▶ _Task input_
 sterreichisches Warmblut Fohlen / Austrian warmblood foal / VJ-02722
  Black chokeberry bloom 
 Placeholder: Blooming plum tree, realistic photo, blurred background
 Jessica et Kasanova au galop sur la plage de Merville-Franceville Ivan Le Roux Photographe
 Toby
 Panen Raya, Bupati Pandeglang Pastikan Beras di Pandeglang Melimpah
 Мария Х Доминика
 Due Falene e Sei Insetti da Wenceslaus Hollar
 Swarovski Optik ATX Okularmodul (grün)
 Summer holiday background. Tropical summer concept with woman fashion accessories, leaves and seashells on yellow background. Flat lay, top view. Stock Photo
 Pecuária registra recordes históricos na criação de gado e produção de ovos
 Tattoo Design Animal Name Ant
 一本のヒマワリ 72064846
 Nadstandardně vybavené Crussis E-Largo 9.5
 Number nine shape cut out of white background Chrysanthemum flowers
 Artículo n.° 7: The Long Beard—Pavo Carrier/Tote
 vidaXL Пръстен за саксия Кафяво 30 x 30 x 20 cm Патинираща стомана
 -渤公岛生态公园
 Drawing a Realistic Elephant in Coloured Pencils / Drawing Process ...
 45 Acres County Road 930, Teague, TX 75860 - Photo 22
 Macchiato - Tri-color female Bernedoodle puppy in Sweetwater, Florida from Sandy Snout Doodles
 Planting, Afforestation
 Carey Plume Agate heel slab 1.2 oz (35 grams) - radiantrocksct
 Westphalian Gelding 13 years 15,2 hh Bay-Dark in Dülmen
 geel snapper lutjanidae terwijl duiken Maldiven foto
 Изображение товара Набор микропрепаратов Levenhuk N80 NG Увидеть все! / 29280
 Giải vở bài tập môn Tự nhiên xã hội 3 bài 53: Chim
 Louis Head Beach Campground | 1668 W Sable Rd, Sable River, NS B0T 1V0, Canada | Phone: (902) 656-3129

▶ _Task item_
Exactly as they appear above, the records are to be transcribed in full.

▶ _Written solution_
 sterreichisches Warmblut Fohlen / Austrian warmblood foal / VJ-02722
  Black chokeberry bloom 
 Placeholder: Blooming plum tree, realistic photo, blurred background
 Jessica et Kasanova au galop sur la plage de Merville-Franceville Ivan Le Roux Photographe
 Toby
 Panen Raya, Bupati Pandeglang Pastikan Beras di Pandeglang Melimpah
 Мария Х Доминика
 Due Falene e Sei Insetti da Wenceslaus Hollar
 Swarovski Optik ATX Okularmodul (grün)
 Summer holiday background. Tropical summer concept with woman fashion accessories, leaves and seashells on yellow background. Flat lay, top view. Stock Photo
 Pecuária registra recordes históricos na criação de gado e produção de ovos
 Tattoo Design Animal Name Ant
 一本のヒマワリ 72064846
 Nadstandardně vybavené Crussis E-Largo 9.5
 Number nine shape cut out of white background Chrysanthemum flowers
 Artículo n.° 7: The Long Beard—Pavo Carrier/Tote
 vidaXL Пръстен за саксия Кафяво 30 x 30 x 20 cm Патинираща стомана
 -渤公岛生态公园
 Drawing a Realistic Elephant in Coloured Pencils / Drawing Process ...
 45 Acres County Road 930, Teague, TX 75860 - Photo 22
 Macchiato - Tri-color female Bernedoodle puppy in Sweetwater, Florida from Sandy Snout Doodles
 Planting, Afforestation
 Carey Plume Agate heel slab 1.2 oz (35 grams) - radiantrocksct
 Westphalian Gelding 13 years 15,2 hh Bay-Dark in Dülmen
 geel snapper lutjanidae terwijl duiken Maldiven foto
 Изображение товара Набор микропрепаратов Levenhuk N80 NG Увидеть все! / 29280
 Giải vở bài tập môn Tự nhiên xã hội 3 bài 53: Chim
 Louis Head Beach Campground | 1668 W Sable Rd, Sable River, NS B0T 1V0, Canada | Phone: (902) 656-3129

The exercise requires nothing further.